Lo ha detto Luciano Violante (PD, ex-magistrato ed ex-presidente della Camera), che da poco ha dato alle stampe il libro "magistrati" ove delinea la strada che si deve percorrere per evitare il conflitto permanente tra politica e giustizia.
"Il clima per affrontare una stagione di riforme si può creare anche in un momento di scontro" scrive Luciano Violante. "Certo, bisogna dialogare con chiunque sia disponibile".
Nel libro cita una sua intervista all’Unità del 1993 in cui diceva: "Nessuna società ha tollerato troppo a lungo un governo dei giudici, prima o dopo arriva una politica regolatrice che ridefinisce i rapporti tra i poteri dello stato".
Quel momento è arrivato?
"Oggi si possono approvare riforme efficaci e coerenti con i principi della Costituzione. Occorre coraggio da parte di tutti. Ad esempio le due coalizioni decidano insieme di ridurre i tribunali da 164 a 100, recuperiamo risorse ed efficienza, ciò che chiedono i cittadini".
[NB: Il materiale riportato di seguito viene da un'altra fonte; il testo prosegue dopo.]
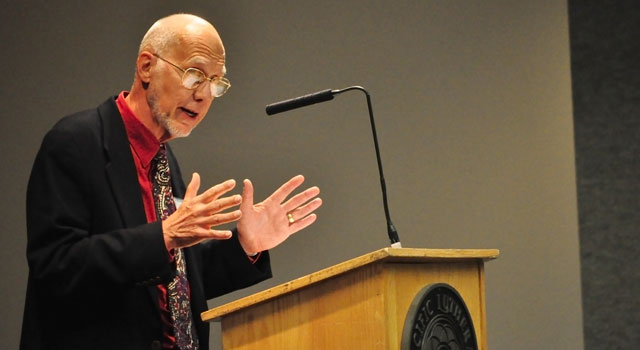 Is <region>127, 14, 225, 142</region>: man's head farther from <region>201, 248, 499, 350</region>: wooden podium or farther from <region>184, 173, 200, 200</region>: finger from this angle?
<region>201, 248, 499, 350</region>: wooden podium

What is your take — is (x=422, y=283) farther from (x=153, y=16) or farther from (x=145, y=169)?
(x=153, y=16)

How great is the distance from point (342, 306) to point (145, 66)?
33.8 inches

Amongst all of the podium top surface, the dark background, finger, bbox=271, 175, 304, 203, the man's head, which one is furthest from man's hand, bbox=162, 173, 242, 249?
the dark background

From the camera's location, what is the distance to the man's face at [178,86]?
81.7 inches

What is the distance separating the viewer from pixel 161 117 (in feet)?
6.81

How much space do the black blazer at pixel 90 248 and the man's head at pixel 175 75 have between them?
0.39ft

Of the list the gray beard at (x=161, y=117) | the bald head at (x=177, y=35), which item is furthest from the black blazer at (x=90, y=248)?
the bald head at (x=177, y=35)

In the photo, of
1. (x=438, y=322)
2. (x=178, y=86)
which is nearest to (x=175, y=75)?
(x=178, y=86)

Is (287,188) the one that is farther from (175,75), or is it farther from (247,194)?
(175,75)

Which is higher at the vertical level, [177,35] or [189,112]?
[177,35]

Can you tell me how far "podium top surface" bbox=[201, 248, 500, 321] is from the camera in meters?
1.53

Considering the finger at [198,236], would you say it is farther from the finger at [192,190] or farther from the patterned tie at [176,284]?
the patterned tie at [176,284]

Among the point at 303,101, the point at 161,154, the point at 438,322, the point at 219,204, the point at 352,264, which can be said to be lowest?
the point at 438,322

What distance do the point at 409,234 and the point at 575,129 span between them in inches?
32.2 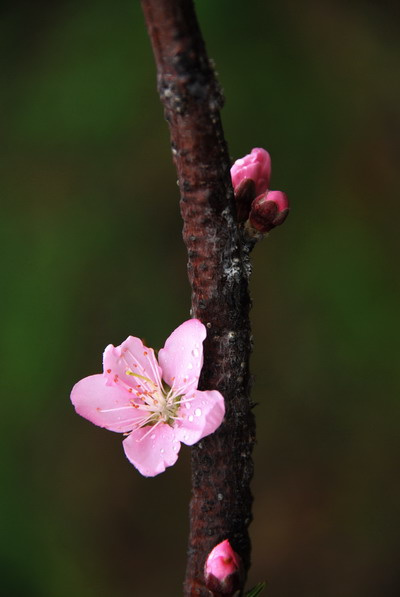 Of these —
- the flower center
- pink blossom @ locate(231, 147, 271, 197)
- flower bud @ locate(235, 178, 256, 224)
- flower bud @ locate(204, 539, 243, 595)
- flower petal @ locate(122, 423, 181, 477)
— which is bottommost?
flower bud @ locate(204, 539, 243, 595)

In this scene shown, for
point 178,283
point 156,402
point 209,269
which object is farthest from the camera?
point 178,283

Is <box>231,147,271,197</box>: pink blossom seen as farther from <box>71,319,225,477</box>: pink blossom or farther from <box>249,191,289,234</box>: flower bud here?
<box>71,319,225,477</box>: pink blossom

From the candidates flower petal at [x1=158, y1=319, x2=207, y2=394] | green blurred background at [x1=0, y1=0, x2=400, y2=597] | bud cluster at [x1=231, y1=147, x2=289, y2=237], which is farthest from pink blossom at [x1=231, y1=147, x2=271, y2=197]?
green blurred background at [x1=0, y1=0, x2=400, y2=597]

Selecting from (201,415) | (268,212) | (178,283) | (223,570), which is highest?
(178,283)

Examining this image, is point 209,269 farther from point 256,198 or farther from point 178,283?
point 178,283

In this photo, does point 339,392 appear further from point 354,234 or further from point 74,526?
point 74,526

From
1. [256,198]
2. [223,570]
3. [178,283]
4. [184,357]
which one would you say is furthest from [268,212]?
[178,283] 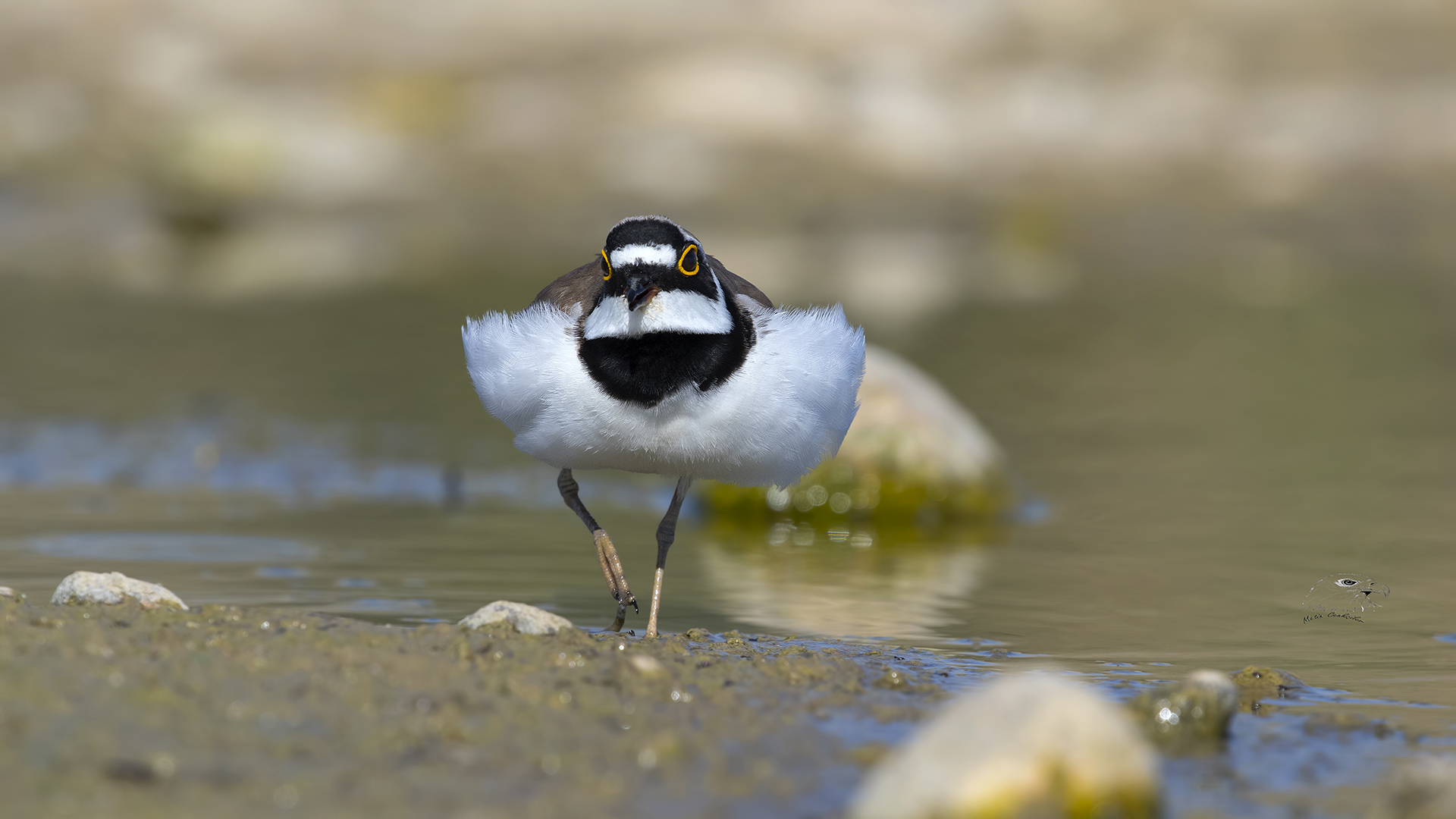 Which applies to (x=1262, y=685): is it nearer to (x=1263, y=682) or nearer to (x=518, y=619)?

"Instauriamo ad esempio una Corte disciplinare per tutte le magistrature, fuori del CSM. E ristrutturare diversamente il Csm con 1/3 dei membri eletti tra i magistrati, 1/3 dal Capo dello Stato scelti tra categorie qualificate, e 1/3 dal Parlamento in seduta comune."
Sono contrario alla separazione delle carriere tra pm e giudici, un pm che ha fatto il giudice è più in grado di valutare la prova così come un giudice che ha fatto il pm. Ma sono disponibile ad approfondire. E anche il centrosinistra, storicamente contrario, è bene che vada a vedere le proposte che verrano messe sul tavolo dal governo".
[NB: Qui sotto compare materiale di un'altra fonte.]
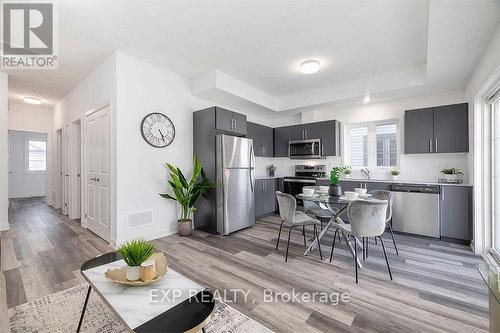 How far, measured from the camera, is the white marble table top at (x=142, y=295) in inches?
44.5

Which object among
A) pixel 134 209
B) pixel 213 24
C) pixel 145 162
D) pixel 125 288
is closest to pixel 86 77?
pixel 145 162

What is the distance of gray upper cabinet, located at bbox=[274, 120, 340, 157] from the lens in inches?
192

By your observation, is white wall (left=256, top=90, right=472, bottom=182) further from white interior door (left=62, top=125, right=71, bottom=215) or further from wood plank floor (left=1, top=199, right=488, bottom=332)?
white interior door (left=62, top=125, right=71, bottom=215)

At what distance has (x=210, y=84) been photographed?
394 centimetres

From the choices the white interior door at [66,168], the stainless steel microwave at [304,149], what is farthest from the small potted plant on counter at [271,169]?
the white interior door at [66,168]

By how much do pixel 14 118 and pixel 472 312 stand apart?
9618mm

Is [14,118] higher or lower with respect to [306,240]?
higher

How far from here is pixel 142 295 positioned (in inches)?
50.6

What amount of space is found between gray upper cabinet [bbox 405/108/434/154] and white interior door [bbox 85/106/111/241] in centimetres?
517

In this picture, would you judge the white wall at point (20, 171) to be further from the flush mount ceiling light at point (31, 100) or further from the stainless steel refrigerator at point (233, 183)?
the stainless steel refrigerator at point (233, 183)

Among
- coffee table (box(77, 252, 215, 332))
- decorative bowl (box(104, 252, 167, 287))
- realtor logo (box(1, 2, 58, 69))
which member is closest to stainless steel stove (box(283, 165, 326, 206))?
decorative bowl (box(104, 252, 167, 287))

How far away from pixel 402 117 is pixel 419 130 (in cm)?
51

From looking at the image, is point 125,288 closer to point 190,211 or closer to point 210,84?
point 190,211

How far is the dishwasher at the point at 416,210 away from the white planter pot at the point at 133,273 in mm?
4120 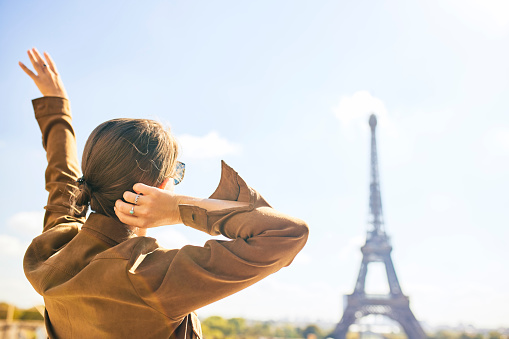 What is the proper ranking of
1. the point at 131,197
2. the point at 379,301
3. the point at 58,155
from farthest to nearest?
1. the point at 379,301
2. the point at 58,155
3. the point at 131,197

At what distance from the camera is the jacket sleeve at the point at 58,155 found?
62.4 inches

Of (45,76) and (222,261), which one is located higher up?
(45,76)

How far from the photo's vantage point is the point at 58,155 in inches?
67.5

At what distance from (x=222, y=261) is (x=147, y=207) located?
0.25 meters

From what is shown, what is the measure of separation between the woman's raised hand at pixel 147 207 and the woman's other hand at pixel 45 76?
95 centimetres

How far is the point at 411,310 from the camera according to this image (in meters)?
29.0

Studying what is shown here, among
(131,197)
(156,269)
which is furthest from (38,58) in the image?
(156,269)

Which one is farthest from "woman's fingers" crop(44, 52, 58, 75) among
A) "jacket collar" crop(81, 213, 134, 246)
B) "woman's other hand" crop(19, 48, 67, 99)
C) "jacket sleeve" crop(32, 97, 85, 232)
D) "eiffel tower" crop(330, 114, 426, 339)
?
"eiffel tower" crop(330, 114, 426, 339)

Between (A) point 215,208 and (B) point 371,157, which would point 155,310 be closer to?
(A) point 215,208

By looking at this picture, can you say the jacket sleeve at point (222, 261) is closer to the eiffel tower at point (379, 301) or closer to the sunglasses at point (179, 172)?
the sunglasses at point (179, 172)

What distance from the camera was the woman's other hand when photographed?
186 cm

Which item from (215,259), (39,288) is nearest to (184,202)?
(215,259)

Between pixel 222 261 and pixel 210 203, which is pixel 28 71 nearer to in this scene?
pixel 210 203

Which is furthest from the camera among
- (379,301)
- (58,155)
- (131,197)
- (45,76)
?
(379,301)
Per l’Anm siamo invece giunti allo scontro definitivo. Si agita e minaccia lo sciopero, sempre più arroccata su posizioni di conservazione dello status quo.
E l'opposizione parlamentare?
Di Pietro annuncia che, a quel tavolo, non si siederà neppure.
Franceschini e Bersani (lascio stare Marino, pesce fuor d'acqua) stanno assumendo un atteggiamento difensivo, condizionato dalla preoccupazione, alla vigilia delle primarie, di non entrare in collisione con il partito di Repubblica, che auspica una linea di chiusura al dialogo con la maggioranza e di scontro con il premier, fondato sul presupposto che la partita con Berlusconi vada chiusa utilizzando la via giudiziaria.
Peccato che sia Berlusconi sia Veltroni & co, in campagna elettorale ci avevano entrambi convinti che in Italia paga il ritardo dell'ammodernamento delle amministrazioni e, spiegavano che questa doveva essere obbligatoriamente la legislatura delle riforme.